WC BELA hearings see massive public engagement
5 March 2024
The Western Cape’s public hearings into the controversial and much-debated Basic Education Law Amendment (BELA) Bill began last week. The first four hearings have already seen the public come out in their numbers to make their voices heard, and in most cases, to reject the content of the Bill.
Last week’s hearings – held in Beaufort West, Bitou, George, and Mossel Bay – saw near-record attendance, with more than 2 000 members of the public attending the hearings last week. The Western Cape Provincial Parliament’s procedural staff have also received more than 4 000 written submissions through email, WhatsApp, and online channels thus far.

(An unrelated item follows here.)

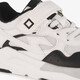 Jongens sneakers wit zwart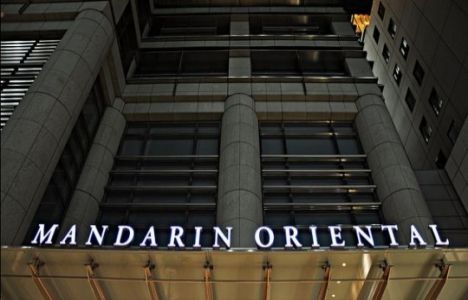 Kuruçeşme Mandarin Oriental Bosphorus İstanbul 2018’de açılacak!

Tellingly, some of the most impassioned submissions have been from parents and educators who expressed strong opposition to the Bill. A national piece of legislation proposed by the ANC, the BELA Bill seeks to reform legal provisions around basic education in South Africa. However, the Bill does nothing to fix systemic issues such as high dropout rates and lack of educational resources, nor does it provide desperately-needed protections for victims of sexual assault in our schools.
Instead, clauses four, five, seventeen, and thirty-five of the Bill centralise power in the hands of the national minister of education. This means that decisions over language and admission policies will be taken out of the hands of parents and educators, and handed to unaccountable and unelected bureaucrats in Pretoria. The Bill also places oppressive restrictions on the ability of parents to homeschool their children should they choose to do so, and presents no workable or financially-viable way to introduce mandatory Grade R.